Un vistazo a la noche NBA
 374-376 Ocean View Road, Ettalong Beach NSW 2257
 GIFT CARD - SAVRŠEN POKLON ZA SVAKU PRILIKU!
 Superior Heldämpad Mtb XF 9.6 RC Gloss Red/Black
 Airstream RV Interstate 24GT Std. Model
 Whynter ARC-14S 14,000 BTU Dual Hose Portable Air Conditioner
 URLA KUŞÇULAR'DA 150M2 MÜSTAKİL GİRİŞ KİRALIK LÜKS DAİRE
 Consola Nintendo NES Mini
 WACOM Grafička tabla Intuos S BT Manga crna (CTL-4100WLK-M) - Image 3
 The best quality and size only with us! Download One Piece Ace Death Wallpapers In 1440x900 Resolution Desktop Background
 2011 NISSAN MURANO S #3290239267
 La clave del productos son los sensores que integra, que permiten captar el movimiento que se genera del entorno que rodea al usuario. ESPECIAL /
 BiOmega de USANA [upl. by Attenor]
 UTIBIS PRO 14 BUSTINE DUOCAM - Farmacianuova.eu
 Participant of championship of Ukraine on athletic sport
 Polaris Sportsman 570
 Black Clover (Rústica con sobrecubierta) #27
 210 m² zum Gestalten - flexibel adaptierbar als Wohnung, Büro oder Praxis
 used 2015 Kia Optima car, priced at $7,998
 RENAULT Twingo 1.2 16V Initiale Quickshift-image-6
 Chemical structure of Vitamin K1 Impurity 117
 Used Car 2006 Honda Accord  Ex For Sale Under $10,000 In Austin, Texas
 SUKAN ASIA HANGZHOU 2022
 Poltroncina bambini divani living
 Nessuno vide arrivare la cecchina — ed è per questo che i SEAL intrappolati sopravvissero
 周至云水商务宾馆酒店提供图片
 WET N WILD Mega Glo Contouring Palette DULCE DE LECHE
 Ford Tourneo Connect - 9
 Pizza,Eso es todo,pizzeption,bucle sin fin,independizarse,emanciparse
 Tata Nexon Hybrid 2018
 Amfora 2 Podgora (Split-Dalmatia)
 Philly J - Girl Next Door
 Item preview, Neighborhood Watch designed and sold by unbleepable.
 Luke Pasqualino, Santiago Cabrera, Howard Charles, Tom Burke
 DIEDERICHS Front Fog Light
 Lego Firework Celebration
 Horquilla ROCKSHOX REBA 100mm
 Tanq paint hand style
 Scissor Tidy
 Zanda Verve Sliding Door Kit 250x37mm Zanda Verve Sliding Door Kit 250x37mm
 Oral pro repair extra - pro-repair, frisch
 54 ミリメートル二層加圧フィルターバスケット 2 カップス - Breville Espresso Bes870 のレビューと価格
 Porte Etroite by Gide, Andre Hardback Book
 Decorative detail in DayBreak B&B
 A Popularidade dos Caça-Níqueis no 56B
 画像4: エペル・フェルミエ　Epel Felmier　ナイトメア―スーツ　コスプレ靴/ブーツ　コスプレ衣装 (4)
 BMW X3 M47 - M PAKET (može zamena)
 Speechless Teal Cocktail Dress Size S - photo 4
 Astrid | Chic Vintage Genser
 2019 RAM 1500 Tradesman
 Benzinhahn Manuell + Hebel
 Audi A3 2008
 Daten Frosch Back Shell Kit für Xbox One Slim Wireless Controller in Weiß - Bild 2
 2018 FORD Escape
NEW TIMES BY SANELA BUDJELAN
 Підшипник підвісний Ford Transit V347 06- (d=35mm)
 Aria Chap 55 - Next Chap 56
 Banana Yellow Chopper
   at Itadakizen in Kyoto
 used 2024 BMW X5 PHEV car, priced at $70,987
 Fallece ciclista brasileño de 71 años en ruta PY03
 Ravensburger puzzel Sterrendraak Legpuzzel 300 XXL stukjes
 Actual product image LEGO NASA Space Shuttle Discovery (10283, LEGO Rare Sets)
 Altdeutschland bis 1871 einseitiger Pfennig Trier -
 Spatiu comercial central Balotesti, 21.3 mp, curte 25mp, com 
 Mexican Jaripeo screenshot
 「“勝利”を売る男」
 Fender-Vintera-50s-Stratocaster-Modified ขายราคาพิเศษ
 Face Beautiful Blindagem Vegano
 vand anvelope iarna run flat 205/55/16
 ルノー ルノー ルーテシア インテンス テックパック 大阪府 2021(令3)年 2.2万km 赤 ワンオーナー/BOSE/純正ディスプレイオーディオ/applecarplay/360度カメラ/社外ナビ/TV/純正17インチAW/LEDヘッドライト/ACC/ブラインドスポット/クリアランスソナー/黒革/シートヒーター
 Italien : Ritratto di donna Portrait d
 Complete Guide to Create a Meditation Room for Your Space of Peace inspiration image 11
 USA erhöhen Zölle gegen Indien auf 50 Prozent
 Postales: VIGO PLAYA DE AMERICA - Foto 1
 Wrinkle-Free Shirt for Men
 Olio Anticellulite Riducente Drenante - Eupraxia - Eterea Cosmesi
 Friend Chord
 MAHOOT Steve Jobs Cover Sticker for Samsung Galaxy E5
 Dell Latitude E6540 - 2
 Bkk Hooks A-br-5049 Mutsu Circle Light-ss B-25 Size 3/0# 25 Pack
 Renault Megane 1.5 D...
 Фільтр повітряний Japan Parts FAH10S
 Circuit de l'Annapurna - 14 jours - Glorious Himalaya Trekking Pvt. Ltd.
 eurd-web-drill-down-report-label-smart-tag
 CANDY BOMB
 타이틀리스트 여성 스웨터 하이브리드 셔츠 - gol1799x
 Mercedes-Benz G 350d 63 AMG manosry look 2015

● **Your task**:
In the material above, find the line containing "374-376 Ocean View" and the line containing "Consola Nintendo NES Mini", then write out exactly those two lines and every line between them, and nothing more.

● **Answer**:
 374-376 Ocean View Road, Ettalong Beach NSW 2257
 GIFT CARD - SAVRŠEN POKLON ZA SVAKU PRILIKU!
 Superior Heldämpad Mtb XF 9.6 RC Gloss Red/Black
 Airstream RV Interstate 24GT Std. Model
 Whynter ARC-14S 14,000 BTU Dual Hose Portable Air Conditioner
 URLA KUŞÇULAR'DA 150M2 MÜSTAKİL GİRİŞ KİRALIK LÜKS DAİRE
 Consola Nintendo NES Mini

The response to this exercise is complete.